Dataset:
=======
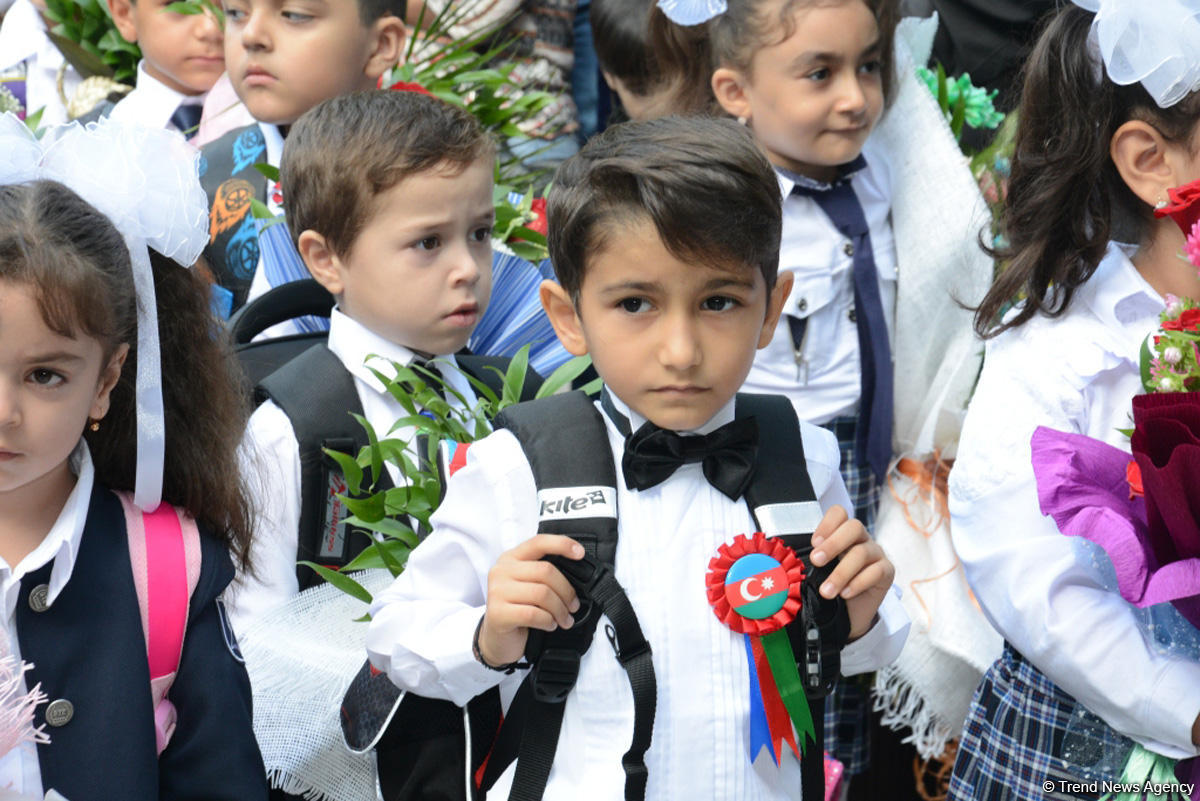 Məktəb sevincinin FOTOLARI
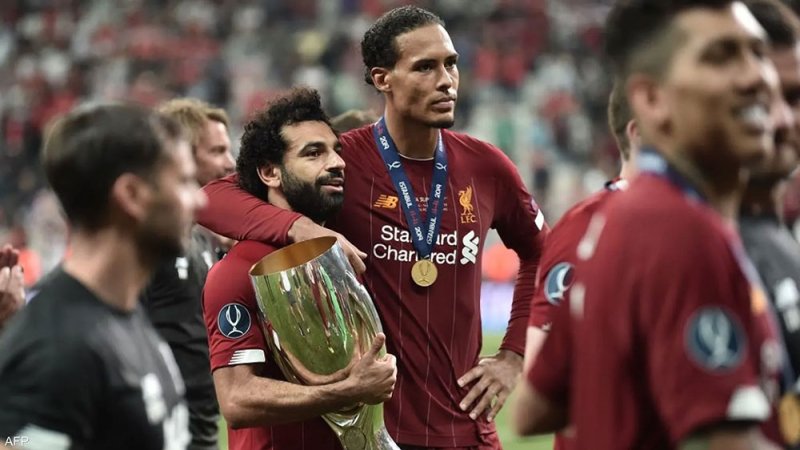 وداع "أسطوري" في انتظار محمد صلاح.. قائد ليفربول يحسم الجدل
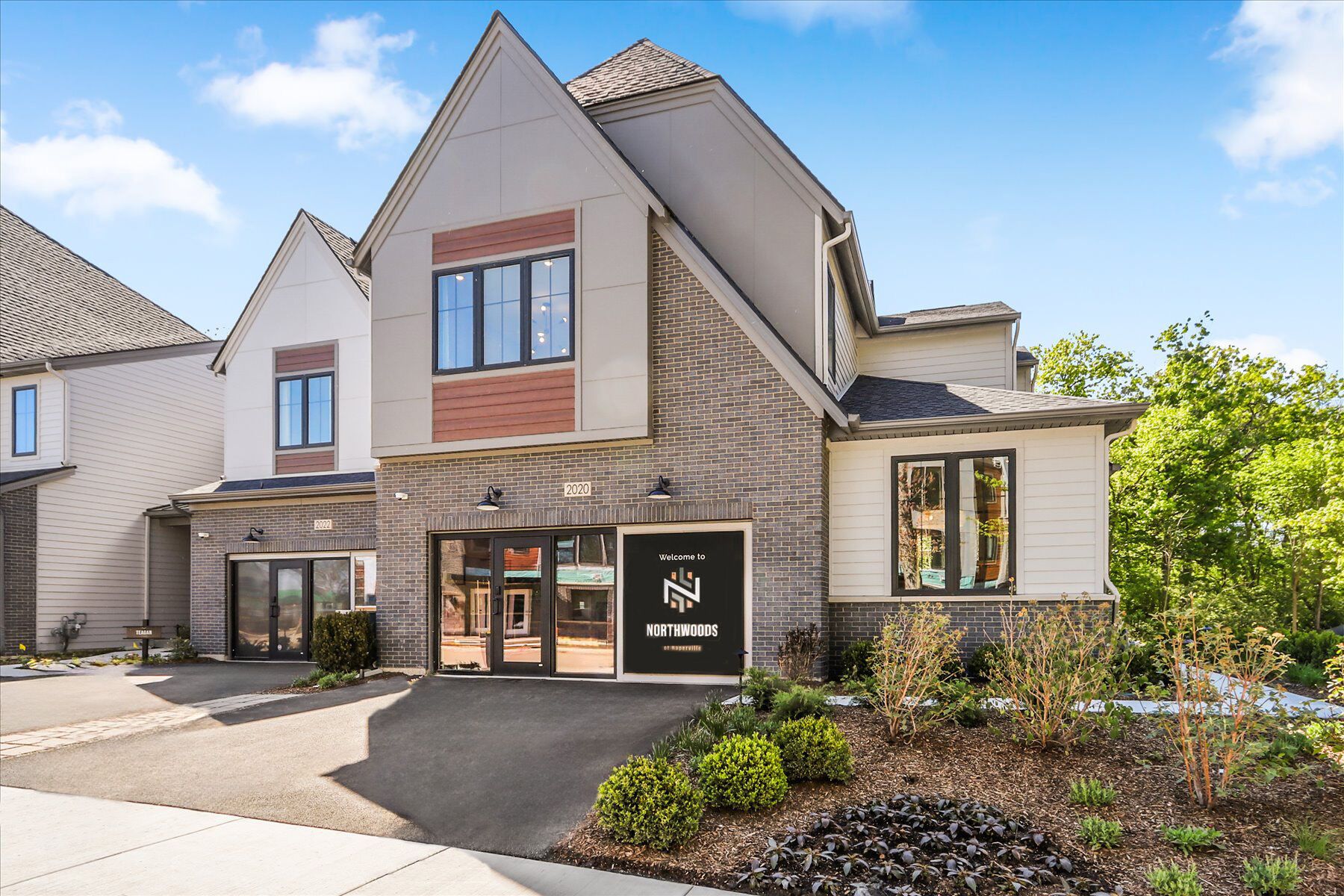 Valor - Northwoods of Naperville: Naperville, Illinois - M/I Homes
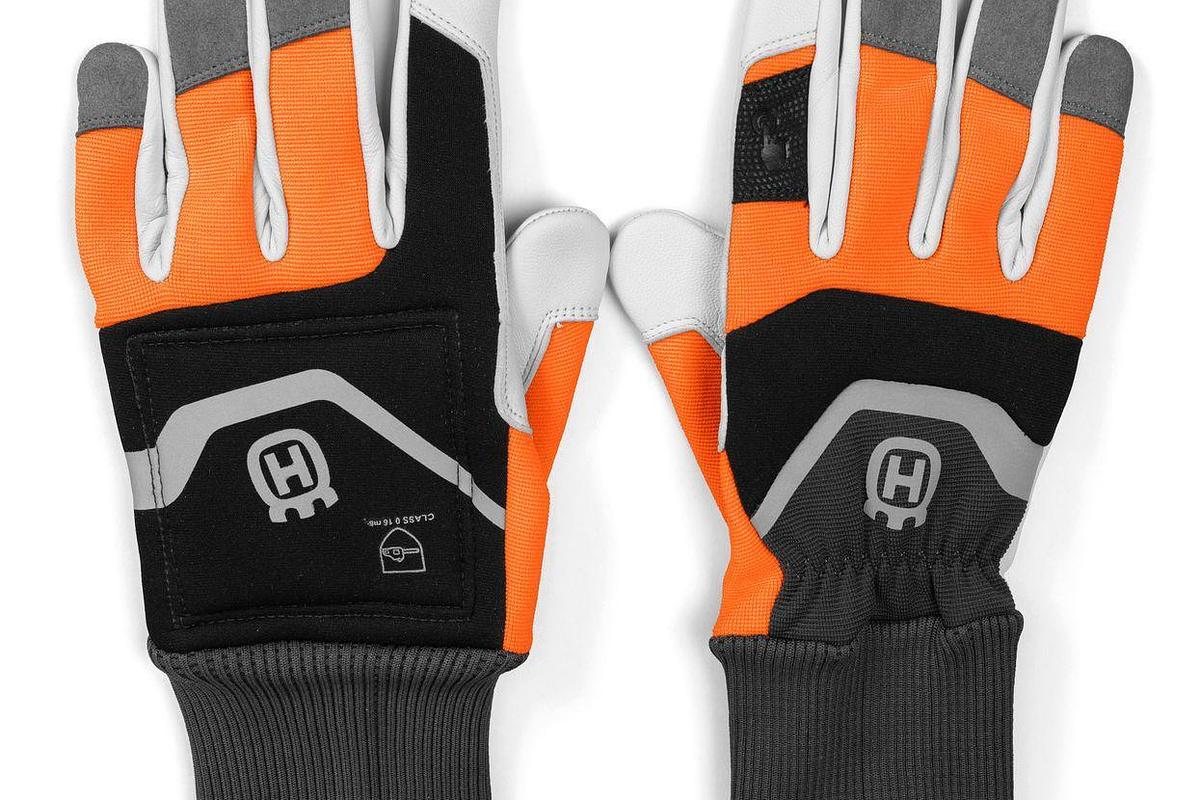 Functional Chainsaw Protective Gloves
=======
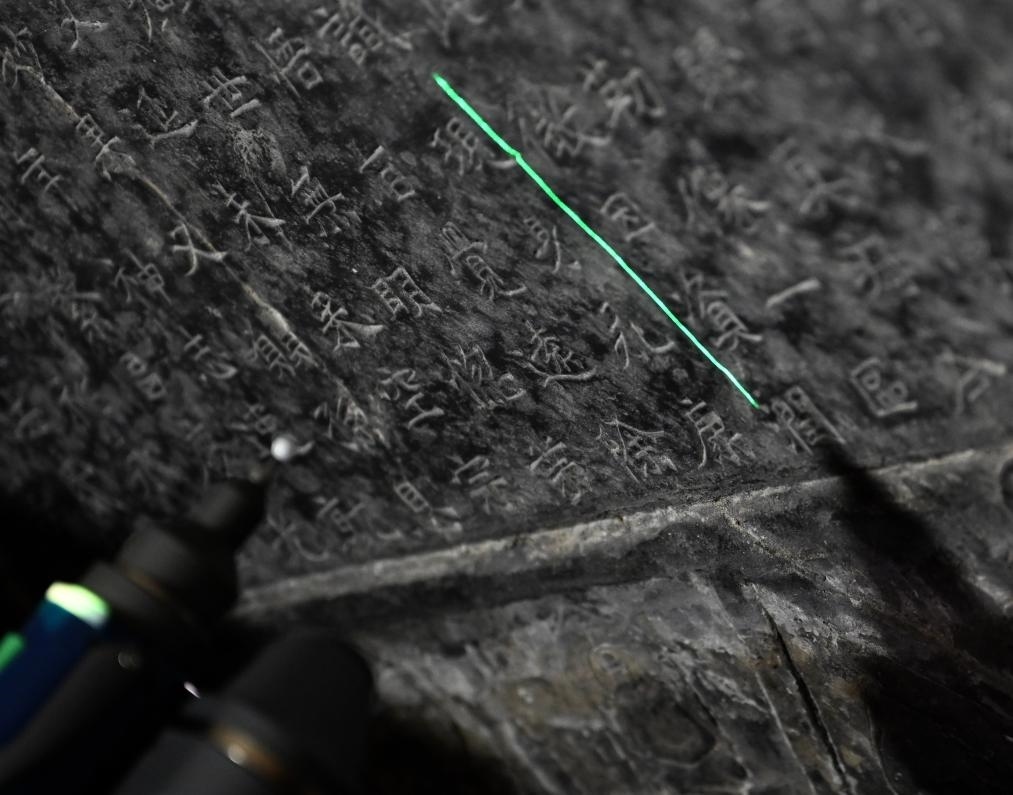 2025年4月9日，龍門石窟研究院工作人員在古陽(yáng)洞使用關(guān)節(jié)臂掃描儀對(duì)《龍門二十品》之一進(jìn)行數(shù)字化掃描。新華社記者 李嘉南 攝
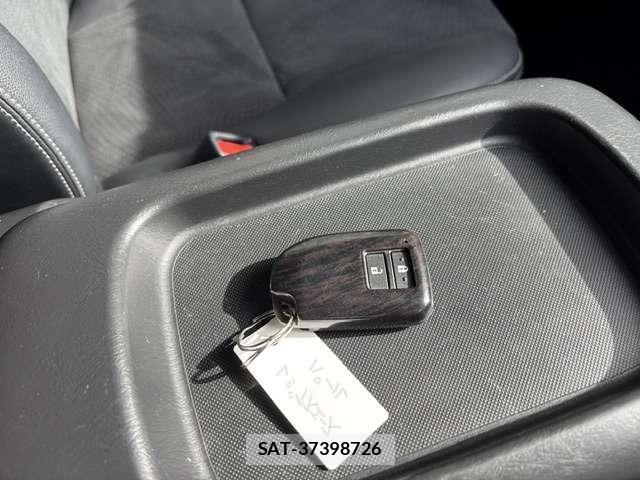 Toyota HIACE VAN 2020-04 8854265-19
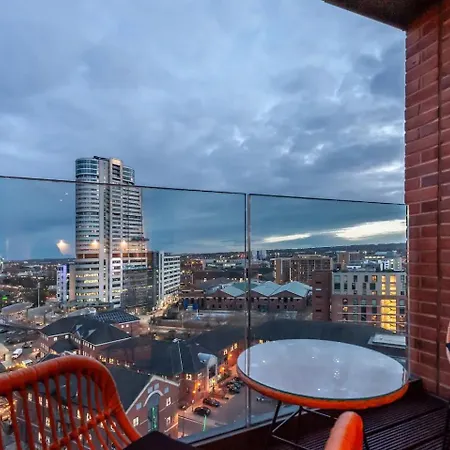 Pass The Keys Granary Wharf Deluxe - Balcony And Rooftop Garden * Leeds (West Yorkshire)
=======
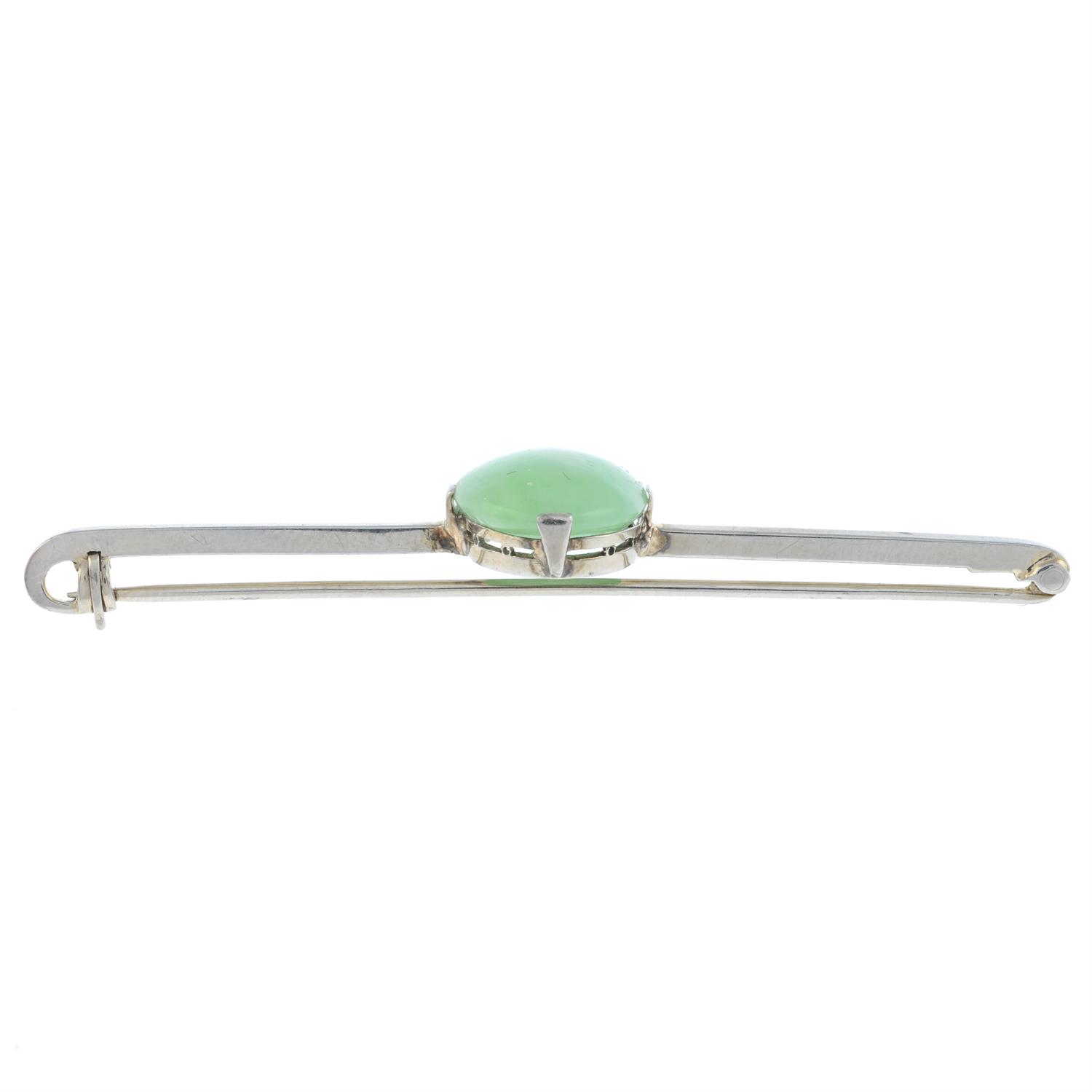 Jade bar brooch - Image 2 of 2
=======
Work instructions: Would you write out exactly the lines above, starting at the line containing "Valor - Northwoods" and stopping after the line containing "Functional Chainsaw Protective Gloves"? Omit the pictures.

Reply:
 Valor - Northwoods of Naperville: Naperville, Illinois - M/I Homes
 Functional Chainsaw Protective Gloves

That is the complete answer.